CONCLUSIONS & INFERENCES: Patients with IBS report both perceived and IS with alienation most reported. However, IS significantly predicts several patient outcomes when controlling for PS. Cultural and illness traits may influence how stigma is perceived and internalized. Future research is warranted.
内化耻辱感(IS)是慢性病文献中的一个重要概念,对多项患者报告的结局有影响。迄今为止,尚无研究评估肠易激综合征(IBS)患者的内化耻辱感。
243名在线和临床参与者完成了以下问卷:精神疾病内化耻辱感量表(ISMI;针对IBS进行了修改)、IBS感知耻辱感量表、美国国立卫生研究院患者报告结局测量信息系统焦虑和抑郁量表、IBS生活质量量表以及感知健康能力量表。还收集了人口统计学和临床数据。

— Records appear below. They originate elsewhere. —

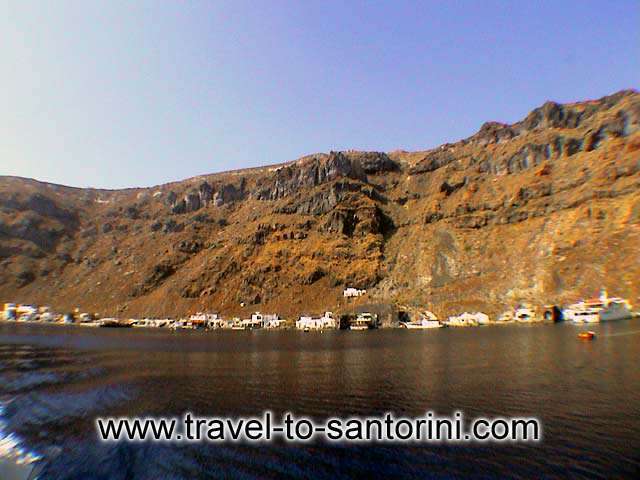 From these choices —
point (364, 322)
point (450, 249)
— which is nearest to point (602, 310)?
point (450, 249)

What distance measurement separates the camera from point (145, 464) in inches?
782

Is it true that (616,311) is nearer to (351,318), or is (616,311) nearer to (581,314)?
(581,314)

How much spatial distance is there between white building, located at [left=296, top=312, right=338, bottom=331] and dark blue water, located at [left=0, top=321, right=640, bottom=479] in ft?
237

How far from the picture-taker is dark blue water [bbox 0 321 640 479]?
748 inches

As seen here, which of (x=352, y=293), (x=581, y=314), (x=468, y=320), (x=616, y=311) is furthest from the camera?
(x=352, y=293)

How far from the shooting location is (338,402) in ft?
98.9

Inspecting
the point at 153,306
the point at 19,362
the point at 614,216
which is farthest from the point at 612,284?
the point at 153,306

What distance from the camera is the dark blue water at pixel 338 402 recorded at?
19.0 m

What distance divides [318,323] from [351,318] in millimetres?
11739

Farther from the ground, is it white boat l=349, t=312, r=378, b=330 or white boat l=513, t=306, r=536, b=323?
white boat l=513, t=306, r=536, b=323

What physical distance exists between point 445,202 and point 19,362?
540 feet

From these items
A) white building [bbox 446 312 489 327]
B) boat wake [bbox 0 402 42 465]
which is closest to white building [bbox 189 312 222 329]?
white building [bbox 446 312 489 327]

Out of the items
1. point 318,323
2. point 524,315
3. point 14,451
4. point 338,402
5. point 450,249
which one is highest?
point 450,249

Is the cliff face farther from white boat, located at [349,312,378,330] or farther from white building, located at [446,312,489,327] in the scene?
white boat, located at [349,312,378,330] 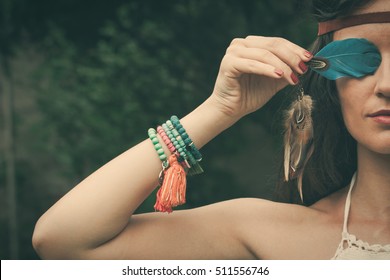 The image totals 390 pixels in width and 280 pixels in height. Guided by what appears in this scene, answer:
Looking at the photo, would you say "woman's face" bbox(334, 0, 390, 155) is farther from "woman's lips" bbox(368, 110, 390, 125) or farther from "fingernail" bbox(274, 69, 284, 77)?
"fingernail" bbox(274, 69, 284, 77)

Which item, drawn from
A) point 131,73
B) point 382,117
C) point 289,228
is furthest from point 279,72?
point 131,73

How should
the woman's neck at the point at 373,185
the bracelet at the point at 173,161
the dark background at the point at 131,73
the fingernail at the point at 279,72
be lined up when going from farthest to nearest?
the dark background at the point at 131,73
the woman's neck at the point at 373,185
the bracelet at the point at 173,161
the fingernail at the point at 279,72

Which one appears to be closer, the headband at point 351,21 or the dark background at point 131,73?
the headband at point 351,21

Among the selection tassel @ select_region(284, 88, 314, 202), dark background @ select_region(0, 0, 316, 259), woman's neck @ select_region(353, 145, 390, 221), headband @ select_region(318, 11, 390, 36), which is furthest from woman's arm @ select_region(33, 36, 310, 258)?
dark background @ select_region(0, 0, 316, 259)

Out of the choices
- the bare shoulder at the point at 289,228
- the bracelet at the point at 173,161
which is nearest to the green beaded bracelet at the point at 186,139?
the bracelet at the point at 173,161

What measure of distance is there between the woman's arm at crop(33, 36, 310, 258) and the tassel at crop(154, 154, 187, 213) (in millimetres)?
46

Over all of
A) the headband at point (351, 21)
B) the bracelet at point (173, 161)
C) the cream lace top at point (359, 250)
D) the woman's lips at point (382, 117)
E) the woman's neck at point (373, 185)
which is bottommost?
the cream lace top at point (359, 250)

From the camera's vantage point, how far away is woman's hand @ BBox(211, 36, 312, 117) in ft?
6.75

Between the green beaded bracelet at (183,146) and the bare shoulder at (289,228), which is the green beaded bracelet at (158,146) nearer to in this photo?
the green beaded bracelet at (183,146)

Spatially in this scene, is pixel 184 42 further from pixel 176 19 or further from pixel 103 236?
pixel 103 236

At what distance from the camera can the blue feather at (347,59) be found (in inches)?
81.8

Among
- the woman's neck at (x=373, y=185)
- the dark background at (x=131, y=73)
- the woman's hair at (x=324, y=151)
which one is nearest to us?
the woman's neck at (x=373, y=185)

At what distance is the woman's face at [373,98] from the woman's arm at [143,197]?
198 millimetres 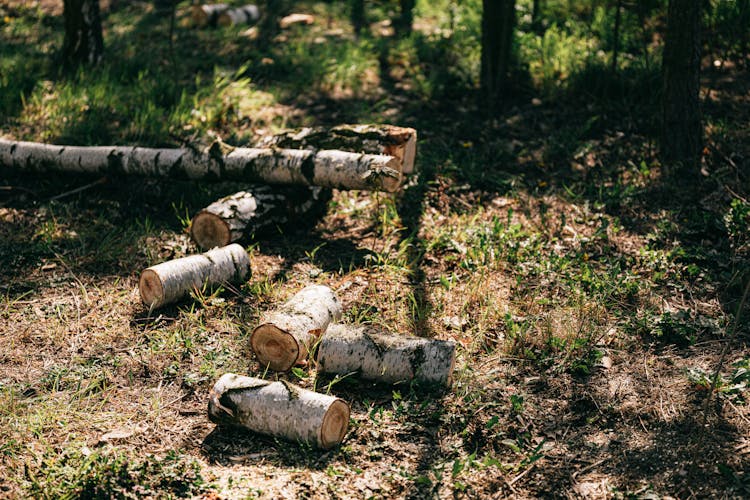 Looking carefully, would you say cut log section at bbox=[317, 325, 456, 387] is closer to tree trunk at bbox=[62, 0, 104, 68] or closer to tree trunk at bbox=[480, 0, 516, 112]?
tree trunk at bbox=[480, 0, 516, 112]

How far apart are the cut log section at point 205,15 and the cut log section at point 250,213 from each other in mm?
5155

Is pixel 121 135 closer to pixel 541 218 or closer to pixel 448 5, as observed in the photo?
pixel 541 218

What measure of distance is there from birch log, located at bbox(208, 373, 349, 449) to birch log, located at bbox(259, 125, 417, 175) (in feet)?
8.88

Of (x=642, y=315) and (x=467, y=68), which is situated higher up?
(x=467, y=68)

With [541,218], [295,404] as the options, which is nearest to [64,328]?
[295,404]

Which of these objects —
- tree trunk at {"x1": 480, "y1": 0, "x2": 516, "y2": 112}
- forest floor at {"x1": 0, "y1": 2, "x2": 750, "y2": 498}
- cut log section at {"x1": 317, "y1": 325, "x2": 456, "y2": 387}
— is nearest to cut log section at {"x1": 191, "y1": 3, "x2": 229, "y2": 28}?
→ forest floor at {"x1": 0, "y1": 2, "x2": 750, "y2": 498}

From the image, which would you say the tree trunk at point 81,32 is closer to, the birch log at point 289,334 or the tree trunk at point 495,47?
the tree trunk at point 495,47

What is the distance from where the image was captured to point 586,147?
266 inches

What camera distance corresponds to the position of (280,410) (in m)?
3.73

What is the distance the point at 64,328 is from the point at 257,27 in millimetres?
6486

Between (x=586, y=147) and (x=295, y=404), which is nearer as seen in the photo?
(x=295, y=404)

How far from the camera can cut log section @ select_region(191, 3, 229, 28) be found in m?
10.1

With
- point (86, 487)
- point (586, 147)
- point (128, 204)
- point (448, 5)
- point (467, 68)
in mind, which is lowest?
point (86, 487)

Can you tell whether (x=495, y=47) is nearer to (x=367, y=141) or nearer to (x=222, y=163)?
(x=367, y=141) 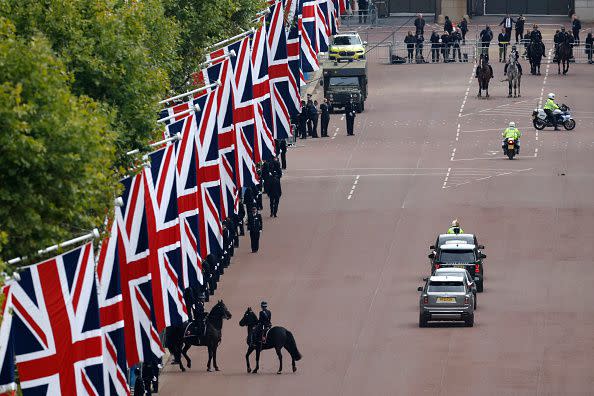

修改后的ISMI在该人群中可靠且有效。参与者报告了感知耻辱感和内化耻辱感。异化感的报告最多,其次是社交退缩和歧视经历。在控制耻辱感感知和疾病变量时,内化耻辱感预测了心理功能、生活质量、医疗保健利用和健康能力方面25%-40%的差异。IBS患者认为来自人际关系的耻辱感比来自医疗服务提供者的更多。西班牙裔参与者报告的感知耻辱感更多,表明在IBS相关耻辱感经历中可能存在文化差异。症状严重程度、干扰性和治疗选择也与耻辱感感知和内化有关。
IBS患者报告了感知耻辱感和内化耻辱感,异化感的报告最多。然而,在控制感知耻辱感时,内化耻辱感显著预测了多项患者结局。文化和疾病特征可能会影响耻辱感的感知和内化方式。未来有必要进行研究。